**EXERCISE**
For this exercise, print only the lines from the one containing "Cascina Farisengo - Gallery - picture" through the end of the material below, exactly as given.

**DATA BELOW**
= Beginning of Section =

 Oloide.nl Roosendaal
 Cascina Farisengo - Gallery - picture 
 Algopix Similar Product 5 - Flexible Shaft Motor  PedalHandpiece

= End of Section =

**RESULT OF THIS TASK**
 Cascina Farisengo - Gallery - picture 
 Algopix Similar Product 5 - Flexible Shaft Motor  PedalHandpiece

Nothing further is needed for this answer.